Work to be completed: In the records that follow, the lines from the one containing "voyons que le" to the one containing "jeux vidéo en", inclusive, are to be given again exactly.

Records for this task:

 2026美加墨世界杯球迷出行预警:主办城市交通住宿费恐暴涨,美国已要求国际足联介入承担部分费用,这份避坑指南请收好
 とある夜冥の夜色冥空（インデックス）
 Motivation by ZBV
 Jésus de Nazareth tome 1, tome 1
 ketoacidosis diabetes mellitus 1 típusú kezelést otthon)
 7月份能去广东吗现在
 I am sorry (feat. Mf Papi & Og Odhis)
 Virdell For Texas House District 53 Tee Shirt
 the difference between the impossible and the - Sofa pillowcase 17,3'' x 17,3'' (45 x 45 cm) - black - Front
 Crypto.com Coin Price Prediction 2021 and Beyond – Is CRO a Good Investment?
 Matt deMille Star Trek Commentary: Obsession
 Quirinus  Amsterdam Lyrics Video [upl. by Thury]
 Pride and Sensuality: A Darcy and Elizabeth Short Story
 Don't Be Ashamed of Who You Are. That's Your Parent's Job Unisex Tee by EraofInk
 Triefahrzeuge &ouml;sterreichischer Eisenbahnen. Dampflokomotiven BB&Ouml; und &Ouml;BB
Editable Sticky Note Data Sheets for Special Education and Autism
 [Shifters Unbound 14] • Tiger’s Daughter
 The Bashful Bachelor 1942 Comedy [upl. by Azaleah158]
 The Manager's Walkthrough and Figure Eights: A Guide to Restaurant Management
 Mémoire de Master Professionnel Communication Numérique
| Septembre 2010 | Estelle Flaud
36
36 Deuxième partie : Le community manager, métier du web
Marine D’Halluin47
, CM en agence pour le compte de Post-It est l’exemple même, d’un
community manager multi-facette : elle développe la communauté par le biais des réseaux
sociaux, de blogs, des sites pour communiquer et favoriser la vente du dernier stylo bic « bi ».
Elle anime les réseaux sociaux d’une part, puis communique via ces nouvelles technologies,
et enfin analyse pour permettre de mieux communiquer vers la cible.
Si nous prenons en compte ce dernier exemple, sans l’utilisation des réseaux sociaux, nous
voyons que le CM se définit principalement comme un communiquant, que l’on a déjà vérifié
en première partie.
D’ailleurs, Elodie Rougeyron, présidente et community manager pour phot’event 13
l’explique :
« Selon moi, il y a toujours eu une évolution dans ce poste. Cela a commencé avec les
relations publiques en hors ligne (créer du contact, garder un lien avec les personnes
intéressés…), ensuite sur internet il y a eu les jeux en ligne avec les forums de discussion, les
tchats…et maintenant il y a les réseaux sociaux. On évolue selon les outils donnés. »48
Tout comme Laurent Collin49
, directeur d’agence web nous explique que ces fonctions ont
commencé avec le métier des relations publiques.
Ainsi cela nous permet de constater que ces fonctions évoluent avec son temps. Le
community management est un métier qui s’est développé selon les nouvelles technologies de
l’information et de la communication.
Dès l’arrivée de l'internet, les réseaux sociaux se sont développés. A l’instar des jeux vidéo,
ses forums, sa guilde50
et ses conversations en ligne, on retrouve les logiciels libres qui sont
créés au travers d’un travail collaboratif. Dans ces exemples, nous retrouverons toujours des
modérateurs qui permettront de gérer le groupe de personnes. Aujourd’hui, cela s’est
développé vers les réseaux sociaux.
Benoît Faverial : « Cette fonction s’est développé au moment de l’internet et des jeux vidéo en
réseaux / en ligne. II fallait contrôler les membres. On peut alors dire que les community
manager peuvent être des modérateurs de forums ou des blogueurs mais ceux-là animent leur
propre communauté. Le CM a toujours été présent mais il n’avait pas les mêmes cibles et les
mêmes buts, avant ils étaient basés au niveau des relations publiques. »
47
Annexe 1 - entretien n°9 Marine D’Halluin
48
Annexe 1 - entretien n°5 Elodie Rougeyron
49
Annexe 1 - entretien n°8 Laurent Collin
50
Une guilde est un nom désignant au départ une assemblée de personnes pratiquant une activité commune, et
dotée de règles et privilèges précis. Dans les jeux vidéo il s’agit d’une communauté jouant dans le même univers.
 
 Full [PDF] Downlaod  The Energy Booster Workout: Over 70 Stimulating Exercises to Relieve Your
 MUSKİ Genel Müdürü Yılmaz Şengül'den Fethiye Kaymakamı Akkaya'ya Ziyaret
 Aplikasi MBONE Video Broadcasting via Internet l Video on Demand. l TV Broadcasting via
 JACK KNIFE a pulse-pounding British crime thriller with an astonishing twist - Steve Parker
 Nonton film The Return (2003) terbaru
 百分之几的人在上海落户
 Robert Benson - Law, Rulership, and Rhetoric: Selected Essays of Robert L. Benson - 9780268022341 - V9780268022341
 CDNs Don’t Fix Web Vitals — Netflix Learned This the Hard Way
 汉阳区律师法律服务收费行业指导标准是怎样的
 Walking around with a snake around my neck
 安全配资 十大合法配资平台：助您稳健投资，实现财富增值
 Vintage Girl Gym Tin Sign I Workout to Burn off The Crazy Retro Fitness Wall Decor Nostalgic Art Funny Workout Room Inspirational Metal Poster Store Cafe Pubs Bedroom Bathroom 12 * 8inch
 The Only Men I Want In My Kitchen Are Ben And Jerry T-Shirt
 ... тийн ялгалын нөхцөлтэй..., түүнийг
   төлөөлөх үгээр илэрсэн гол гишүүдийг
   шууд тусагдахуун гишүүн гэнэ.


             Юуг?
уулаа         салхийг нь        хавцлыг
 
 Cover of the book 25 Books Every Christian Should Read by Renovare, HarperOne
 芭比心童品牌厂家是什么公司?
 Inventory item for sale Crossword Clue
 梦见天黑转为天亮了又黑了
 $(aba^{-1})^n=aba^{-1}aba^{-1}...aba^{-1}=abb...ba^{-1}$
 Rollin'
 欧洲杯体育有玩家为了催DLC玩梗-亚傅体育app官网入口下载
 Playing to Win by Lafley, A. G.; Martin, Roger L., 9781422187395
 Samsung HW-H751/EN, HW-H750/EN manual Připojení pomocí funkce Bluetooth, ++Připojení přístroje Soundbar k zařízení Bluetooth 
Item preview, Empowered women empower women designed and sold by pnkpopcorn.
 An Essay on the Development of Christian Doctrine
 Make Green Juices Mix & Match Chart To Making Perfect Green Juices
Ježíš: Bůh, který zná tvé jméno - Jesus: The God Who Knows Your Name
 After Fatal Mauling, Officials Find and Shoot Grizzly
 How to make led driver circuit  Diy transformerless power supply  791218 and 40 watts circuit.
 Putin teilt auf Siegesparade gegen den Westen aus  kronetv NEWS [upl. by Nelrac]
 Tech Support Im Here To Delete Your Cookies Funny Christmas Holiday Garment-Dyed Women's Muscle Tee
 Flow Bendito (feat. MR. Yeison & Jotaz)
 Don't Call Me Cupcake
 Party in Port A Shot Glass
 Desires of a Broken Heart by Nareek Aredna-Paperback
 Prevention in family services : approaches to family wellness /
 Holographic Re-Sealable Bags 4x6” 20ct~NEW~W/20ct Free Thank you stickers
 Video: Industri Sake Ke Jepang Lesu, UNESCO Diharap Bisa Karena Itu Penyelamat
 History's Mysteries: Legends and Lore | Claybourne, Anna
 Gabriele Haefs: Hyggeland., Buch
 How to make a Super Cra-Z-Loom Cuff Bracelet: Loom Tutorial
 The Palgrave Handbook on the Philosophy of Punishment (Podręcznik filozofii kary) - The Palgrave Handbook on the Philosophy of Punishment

Result of the exercise:
voyons que le CM se définit principalement comme un communiquant, que l’on a déjà vérifié
en première partie.
D’ailleurs, Elodie Rougeyron, présidente et community manager pour phot’event 13
l’explique :
« Selon moi, il y a toujours eu une évolution dans ce poste. Cela a commencé avec les
relations publiques en hors ligne (créer du contact, garder un lien avec les personnes
intéressés…), ensuite sur internet il y a eu les jeux en ligne avec les forums de discussion, les
tchats…et maintenant il y a les réseaux sociaux. On évolue selon les outils donnés. »48
Tout comme Laurent Collin49
, directeur d’agence web nous explique que ces fonctions ont
commencé avec le métier des relations publiques.
Ainsi cela nous permet de constater que ces fonctions évoluent avec son temps. Le
community management est un métier qui s’est développé selon les nouvelles technologies de
l’information et de la communication.
Dès l’arrivée de l'internet, les réseaux sociaux se sont développés. A l’instar des jeux vidéo,
ses forums, sa guilde50
et ses conversations en ligne, on retrouve les logiciels libres qui sont
créés au travers d’un travail collaboratif. Dans ces exemples, nous retrouverons toujours des
modérateurs qui permettront de gérer le groupe de personnes. Aujourd’hui, cela s’est
développé vers les réseaux sociaux.
Benoît Faverial : « Cette fonction s’est développé au moment de l’internet et des jeux vidéo en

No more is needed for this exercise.